Calculating Average Image Intensity Over Zarr Chunks

Hello Dask world! I was wondering about how to properly do an average of each frame inside a zarr store. I have about 56k images in a zarr (here’s a link to a sample of 500 of them) and was guided by @d-v-b to try something like this (or at least this is how I interpreted what he suggested, could have done so incorrectly!). Each image is 512x512 pixels.

def compute_average_intensity(zarrurl):
    z = dask.array.from_zarr(zarrurl)

    avgs = z.mean(axis=(0,1))

    res = avgs.compute()

    print(res.shape)

When I do this, I get 512 as the shape of the result which is definitely not right. I’m guessing I’m using the axis argument incorrectly. Either way, I had anticipated getting the number of images contained in the zarr since I was hoping to just take the average of each individual frame instead of averaging across the chunks which is what I think I did on accident, or perhaps I did an average over the whole zarr for each row or something?

I’ve been tinkering around with map_blocks and iterating through each frame like @ParticularMiner showed me how to do here but have been struggling to get that quite right.

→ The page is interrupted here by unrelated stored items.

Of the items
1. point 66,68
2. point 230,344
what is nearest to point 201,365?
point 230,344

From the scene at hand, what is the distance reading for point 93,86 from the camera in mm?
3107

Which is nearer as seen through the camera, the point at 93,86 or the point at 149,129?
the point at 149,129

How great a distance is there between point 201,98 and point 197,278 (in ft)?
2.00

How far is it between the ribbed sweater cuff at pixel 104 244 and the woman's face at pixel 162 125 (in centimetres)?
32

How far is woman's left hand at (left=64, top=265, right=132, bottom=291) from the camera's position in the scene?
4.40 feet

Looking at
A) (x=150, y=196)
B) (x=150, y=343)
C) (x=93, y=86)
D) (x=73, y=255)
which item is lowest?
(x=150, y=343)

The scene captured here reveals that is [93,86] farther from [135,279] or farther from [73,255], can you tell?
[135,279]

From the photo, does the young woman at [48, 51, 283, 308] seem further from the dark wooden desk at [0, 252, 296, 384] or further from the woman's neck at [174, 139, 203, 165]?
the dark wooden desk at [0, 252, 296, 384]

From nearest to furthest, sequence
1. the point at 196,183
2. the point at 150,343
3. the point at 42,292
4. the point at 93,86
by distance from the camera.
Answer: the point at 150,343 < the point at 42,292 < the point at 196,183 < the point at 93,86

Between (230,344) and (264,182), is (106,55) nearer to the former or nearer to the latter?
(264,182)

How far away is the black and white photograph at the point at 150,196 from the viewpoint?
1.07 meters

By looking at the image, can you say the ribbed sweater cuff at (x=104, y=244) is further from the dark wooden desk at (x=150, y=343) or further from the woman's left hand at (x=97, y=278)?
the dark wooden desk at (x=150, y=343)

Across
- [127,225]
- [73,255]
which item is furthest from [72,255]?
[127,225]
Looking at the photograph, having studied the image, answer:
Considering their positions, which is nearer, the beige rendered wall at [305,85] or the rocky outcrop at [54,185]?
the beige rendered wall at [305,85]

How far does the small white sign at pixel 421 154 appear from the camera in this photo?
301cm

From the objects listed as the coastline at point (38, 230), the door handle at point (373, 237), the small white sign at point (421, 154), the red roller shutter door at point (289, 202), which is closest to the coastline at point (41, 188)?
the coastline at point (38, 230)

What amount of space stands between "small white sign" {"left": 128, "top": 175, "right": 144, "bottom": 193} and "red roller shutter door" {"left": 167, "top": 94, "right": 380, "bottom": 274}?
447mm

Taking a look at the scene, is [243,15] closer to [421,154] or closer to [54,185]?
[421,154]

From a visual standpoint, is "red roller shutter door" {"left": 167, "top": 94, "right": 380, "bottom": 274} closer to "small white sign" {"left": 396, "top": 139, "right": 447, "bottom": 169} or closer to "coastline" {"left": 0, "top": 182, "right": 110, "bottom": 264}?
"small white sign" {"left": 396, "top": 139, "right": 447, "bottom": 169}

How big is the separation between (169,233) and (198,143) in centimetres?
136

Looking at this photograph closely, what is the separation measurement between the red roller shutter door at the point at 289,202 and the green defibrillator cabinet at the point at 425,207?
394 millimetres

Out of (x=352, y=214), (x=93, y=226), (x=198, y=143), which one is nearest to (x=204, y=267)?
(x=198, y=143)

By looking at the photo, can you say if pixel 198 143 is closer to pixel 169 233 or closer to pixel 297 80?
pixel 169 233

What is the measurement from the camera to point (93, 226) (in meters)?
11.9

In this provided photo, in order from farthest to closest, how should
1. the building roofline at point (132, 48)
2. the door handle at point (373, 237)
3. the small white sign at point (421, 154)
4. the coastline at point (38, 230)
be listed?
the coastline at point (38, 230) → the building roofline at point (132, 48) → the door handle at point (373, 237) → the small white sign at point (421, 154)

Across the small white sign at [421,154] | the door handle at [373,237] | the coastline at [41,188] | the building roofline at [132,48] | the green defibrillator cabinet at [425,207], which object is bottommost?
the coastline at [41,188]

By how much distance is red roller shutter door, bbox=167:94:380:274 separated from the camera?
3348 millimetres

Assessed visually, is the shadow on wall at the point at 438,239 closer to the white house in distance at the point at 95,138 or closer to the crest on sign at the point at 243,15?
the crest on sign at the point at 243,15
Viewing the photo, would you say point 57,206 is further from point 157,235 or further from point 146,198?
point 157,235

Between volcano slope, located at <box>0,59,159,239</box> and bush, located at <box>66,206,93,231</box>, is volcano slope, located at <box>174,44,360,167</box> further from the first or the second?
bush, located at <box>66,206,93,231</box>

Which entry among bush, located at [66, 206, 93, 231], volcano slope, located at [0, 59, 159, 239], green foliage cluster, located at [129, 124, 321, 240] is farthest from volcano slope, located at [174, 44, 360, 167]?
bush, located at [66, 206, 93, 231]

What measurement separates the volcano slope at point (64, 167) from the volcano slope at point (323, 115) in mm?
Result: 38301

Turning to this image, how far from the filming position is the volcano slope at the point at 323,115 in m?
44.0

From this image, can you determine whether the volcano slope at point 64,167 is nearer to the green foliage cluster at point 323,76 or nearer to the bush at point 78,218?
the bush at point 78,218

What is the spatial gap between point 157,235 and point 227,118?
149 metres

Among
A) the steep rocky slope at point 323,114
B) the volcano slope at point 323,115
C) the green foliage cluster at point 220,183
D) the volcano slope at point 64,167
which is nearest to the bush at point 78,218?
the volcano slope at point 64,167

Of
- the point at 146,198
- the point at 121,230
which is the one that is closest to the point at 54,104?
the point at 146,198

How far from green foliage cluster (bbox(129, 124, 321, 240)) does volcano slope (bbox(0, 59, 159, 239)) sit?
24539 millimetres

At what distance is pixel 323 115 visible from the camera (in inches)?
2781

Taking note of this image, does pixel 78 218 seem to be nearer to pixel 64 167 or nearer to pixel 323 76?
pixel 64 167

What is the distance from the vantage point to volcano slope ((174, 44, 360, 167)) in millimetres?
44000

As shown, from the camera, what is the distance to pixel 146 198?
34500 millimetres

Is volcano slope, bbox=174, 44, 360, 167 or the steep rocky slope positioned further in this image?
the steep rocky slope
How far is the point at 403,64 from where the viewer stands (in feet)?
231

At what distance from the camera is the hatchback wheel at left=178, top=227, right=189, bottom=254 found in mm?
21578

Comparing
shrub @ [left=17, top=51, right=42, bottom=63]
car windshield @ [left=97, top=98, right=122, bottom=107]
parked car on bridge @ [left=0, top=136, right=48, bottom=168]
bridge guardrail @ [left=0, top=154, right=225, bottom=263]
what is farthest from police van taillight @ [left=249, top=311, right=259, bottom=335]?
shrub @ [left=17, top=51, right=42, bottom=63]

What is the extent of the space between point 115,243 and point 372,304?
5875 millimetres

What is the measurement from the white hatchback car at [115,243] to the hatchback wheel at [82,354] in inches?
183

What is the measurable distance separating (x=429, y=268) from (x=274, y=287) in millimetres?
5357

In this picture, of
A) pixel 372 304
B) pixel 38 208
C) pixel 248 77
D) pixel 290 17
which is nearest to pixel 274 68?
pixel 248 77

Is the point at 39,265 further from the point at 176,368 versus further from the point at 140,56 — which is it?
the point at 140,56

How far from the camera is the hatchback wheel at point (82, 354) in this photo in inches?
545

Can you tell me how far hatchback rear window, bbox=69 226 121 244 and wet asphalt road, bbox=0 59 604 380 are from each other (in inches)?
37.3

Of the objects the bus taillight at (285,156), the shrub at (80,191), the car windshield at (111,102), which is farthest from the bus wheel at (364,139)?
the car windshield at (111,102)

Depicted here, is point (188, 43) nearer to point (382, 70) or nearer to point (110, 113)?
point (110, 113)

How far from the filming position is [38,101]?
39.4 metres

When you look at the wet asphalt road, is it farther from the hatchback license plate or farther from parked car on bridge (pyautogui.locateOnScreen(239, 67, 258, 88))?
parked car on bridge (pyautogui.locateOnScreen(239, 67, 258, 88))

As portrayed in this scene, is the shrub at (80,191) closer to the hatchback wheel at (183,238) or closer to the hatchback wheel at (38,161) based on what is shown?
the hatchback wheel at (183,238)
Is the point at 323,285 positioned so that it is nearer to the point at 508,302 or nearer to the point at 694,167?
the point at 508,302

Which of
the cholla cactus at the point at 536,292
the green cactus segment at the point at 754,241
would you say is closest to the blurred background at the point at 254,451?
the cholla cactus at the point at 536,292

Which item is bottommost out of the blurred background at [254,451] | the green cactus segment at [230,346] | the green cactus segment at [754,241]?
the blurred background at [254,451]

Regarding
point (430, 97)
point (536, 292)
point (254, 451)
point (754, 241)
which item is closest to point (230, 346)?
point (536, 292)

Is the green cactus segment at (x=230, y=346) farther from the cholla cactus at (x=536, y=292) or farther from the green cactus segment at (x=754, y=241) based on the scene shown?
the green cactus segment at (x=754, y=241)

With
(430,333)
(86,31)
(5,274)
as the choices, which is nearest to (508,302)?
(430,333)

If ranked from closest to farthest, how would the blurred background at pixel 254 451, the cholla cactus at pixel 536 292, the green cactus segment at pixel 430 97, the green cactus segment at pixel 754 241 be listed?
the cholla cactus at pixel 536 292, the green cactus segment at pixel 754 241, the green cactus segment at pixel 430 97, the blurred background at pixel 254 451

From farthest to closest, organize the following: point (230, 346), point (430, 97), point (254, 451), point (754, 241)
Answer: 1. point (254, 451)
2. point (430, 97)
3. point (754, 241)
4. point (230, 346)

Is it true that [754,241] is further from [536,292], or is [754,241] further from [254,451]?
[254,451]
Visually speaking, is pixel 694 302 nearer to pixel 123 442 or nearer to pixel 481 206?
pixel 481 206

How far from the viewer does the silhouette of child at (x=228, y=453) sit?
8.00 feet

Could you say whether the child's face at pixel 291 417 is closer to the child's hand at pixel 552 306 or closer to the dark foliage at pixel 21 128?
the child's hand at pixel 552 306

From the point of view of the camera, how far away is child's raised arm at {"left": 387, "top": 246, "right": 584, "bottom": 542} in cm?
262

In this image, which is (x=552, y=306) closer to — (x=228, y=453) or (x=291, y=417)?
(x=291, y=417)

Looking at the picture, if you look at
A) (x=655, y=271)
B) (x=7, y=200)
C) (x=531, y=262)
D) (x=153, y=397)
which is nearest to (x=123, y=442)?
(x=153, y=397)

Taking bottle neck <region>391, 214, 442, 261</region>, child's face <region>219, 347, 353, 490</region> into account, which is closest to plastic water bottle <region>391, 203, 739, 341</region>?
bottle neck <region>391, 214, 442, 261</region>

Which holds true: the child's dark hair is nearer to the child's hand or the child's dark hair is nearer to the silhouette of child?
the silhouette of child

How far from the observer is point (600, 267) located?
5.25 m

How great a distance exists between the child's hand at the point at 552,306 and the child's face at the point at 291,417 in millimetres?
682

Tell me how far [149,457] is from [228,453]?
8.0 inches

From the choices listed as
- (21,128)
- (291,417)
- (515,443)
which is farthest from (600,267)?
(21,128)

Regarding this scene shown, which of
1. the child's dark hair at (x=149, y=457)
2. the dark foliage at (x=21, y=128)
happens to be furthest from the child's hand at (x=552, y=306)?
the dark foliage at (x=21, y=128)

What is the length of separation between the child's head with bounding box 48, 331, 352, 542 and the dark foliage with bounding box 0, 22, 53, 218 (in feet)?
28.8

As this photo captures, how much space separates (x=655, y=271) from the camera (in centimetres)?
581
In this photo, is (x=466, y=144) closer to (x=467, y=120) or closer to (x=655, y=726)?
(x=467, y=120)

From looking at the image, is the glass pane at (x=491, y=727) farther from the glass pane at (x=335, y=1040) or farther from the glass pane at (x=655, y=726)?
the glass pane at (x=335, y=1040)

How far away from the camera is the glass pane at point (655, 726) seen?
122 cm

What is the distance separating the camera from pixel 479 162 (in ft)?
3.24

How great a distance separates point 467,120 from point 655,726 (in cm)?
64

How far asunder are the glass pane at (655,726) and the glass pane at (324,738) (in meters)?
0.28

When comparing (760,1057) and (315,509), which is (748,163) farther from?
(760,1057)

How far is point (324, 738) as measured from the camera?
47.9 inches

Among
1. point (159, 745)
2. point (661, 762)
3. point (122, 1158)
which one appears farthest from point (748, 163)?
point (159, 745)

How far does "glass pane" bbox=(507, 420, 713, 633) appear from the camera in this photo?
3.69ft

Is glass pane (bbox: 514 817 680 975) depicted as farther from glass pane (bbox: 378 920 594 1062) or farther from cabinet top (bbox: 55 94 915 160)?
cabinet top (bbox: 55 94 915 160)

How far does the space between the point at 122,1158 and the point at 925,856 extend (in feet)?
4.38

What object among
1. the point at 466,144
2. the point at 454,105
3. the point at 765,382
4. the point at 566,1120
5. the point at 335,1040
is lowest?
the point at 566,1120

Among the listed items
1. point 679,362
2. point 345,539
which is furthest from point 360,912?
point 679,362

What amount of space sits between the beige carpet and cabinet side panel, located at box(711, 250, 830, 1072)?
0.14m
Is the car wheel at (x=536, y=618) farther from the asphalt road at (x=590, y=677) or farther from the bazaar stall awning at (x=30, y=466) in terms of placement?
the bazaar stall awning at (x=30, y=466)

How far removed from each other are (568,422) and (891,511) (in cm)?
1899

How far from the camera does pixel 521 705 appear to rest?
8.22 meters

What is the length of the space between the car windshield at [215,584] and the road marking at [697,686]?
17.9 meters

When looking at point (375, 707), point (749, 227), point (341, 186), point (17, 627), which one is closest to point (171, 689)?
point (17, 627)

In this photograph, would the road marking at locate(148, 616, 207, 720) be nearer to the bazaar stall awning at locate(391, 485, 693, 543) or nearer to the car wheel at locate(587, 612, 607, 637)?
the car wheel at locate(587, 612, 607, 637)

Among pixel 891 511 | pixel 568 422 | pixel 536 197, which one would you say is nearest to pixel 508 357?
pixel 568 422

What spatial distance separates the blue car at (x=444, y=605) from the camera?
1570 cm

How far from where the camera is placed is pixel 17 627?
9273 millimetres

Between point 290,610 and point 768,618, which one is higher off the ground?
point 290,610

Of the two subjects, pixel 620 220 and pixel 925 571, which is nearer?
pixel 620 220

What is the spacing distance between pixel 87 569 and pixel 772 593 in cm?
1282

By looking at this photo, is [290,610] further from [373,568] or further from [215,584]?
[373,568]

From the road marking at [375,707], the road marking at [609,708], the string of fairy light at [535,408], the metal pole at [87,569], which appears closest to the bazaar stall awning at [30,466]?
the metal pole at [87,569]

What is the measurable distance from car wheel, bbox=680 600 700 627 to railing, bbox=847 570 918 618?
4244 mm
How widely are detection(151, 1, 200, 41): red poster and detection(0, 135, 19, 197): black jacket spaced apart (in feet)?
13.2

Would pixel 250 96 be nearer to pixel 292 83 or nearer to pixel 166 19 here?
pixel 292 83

I’m also not sure if its necessary to do with map_blocks vs just the built in mean function like in the code block above.

I should have tried for just a couple more minutes! I wasn’t averaging over the correct axes.

The input zarr shape is (500, 512, 512), so (z, x, y). I had in my head that it was instead (512, 512, 500), so (x, y, z). If you do:

def compute_average_intensity(zarrurl):
    z = dask.array.from_zarr(zarrurl)

    avgs = z.mean(axis=(1,2))

    res = avgs.compute()

    print(res.shape)

You get what seems to be the correct answer! The shape of your result is (500,) with the test images.

Check your input data dims folks!